Let's say you want to be a Chef. Go to a large database of job openings, such as www.monster.com and see what qualifications restaurant owners are looking for. Are they looking for graduates of big name cooking schools? Then you may need to go there. Are they looking for four year degrees. Then get one.


Do they want five years experience? Then start somewhere as an apprentice or dishwasher to get your foot in the door.


If you want to be a Web Designer, go to Monster to discover what companies are looking for. Do they want four year degrees, or certifications in specific software and programming languages? If the latter, a technical school may do the trick. Do they want at least three years experience and a portfolio of sites you've designed for others? Then get an apprenticeship or start building sites on the cheap to demonstrate your expertise.  


For homework, make a list of at least four vocations that interest you. Then, go to monster.com to see what types of education would best prepare you for that job. 

Extra credit: Talk to someone who has one of these jobs to find out how they'd recommend preparing. 


2. Start Your Resume
Writing  a resume helps you to uncover assets you didn't know you had and helps you find holes in your training that need to be filled. 


Odds are, you'll change jobs several times during your lifetime. So start building your resume now and update it for the rest of your life. Your resume lets your potential employer know that you've got the skills and character necessary to work well with their business. 


Put yourself in the shoes of an employer. What does she want. She wants someone who shows up every day on time, works hard, and either has or is willing to develop the skills necessary to excel in her business. So convince her in your resume that you're the one for the job!

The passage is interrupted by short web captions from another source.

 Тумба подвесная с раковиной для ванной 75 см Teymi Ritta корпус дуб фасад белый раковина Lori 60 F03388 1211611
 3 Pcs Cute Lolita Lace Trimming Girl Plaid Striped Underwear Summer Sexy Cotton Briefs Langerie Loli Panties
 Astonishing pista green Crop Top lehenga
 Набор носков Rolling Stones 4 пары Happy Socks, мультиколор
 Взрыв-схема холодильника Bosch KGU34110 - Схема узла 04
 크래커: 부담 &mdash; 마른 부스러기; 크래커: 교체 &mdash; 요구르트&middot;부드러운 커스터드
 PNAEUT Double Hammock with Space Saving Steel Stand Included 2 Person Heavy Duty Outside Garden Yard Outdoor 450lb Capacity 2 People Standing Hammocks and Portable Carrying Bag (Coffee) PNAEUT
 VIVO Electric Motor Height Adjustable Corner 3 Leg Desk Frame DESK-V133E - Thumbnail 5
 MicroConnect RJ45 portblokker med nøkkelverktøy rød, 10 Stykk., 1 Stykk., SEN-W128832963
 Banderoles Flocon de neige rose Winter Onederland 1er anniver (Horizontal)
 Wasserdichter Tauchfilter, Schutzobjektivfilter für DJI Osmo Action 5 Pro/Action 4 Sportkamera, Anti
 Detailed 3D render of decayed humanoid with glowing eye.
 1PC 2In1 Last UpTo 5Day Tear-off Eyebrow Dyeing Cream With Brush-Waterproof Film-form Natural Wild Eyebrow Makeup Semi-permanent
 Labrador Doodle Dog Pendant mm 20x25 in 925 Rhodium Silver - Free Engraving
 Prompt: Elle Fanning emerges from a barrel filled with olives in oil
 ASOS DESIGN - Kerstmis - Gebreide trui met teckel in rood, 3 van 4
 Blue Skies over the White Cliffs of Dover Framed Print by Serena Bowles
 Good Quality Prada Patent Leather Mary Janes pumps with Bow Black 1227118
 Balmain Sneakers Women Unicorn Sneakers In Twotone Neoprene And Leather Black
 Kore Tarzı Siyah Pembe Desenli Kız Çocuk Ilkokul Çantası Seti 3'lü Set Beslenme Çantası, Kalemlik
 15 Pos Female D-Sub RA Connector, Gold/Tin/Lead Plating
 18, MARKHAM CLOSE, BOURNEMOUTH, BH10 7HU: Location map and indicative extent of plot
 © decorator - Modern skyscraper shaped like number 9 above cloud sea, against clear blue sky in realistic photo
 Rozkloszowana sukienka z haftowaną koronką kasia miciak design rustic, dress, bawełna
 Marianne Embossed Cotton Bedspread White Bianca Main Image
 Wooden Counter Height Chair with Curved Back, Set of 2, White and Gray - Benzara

  • List any relevant courses or experiences you've had. 

  • Tell about any awards you've received. 

  • List service opportunities you've participated in.

  • Get quotes from teachers or former employees about your strong points. ("Customers love her!")

Formatting and Writing a Resume:

Get hints from professionals at monster.com. Click "career advice."  


Hang Out With Winners 
Discuss the interest groups that meet at your school. Is there an art club, drama club, robotics club, etc.? How can these serve the same purpose as Tolkien's and Lewis' "Inklings," or Franklin's "Junto"?


Outside of school, you can find other interest groups for everything from PhotoShop clubs to investment clubs to Web Design clubs through Web sites like www.meetup.com


Another plus of interest groups: research suggests that people who hunt jobs as a team find more success than those who hunt individually. If your interest group is heading toward the same type career, you're more likely to get inside information on great companies that are hiring. 


Research Something That Excites You
Not really into learning new things? Why not start with something that already interests you? By seeking wisdom in an area of interest,  you acquire the skill of seeking wisdom in any area. Perhaps you'd love to lose weight, get in better shape, learn to play guitar or learn to draw Anime. 


Whatever your interest, fashion your own short-term and long-term education to learn more about it. 

Example: "I want to learn to play electric guitar." 

Step 1: Ask all the people I know who play guitar to find out how they learned - instructional videos that were helpful, chord books, local instructors, etc. 

Step 2: Search  "Beginner Electric Guitar" at www.youtube.com for free video instruction.  


"Know Thyself"
Does your school do some type of interest/vocational/psychological inventory? If so, this would be a good time to either take one or study the one that's already on file. Students will probably discover something about their interests, personalities and learning styles that will help them know how they learn best.  


"Outside of the Box" Education
Because of his problems with reading and writing, Orphalea developed his own styles of learning. Get in small groups and brainstorm ways to learn that others might not think about. 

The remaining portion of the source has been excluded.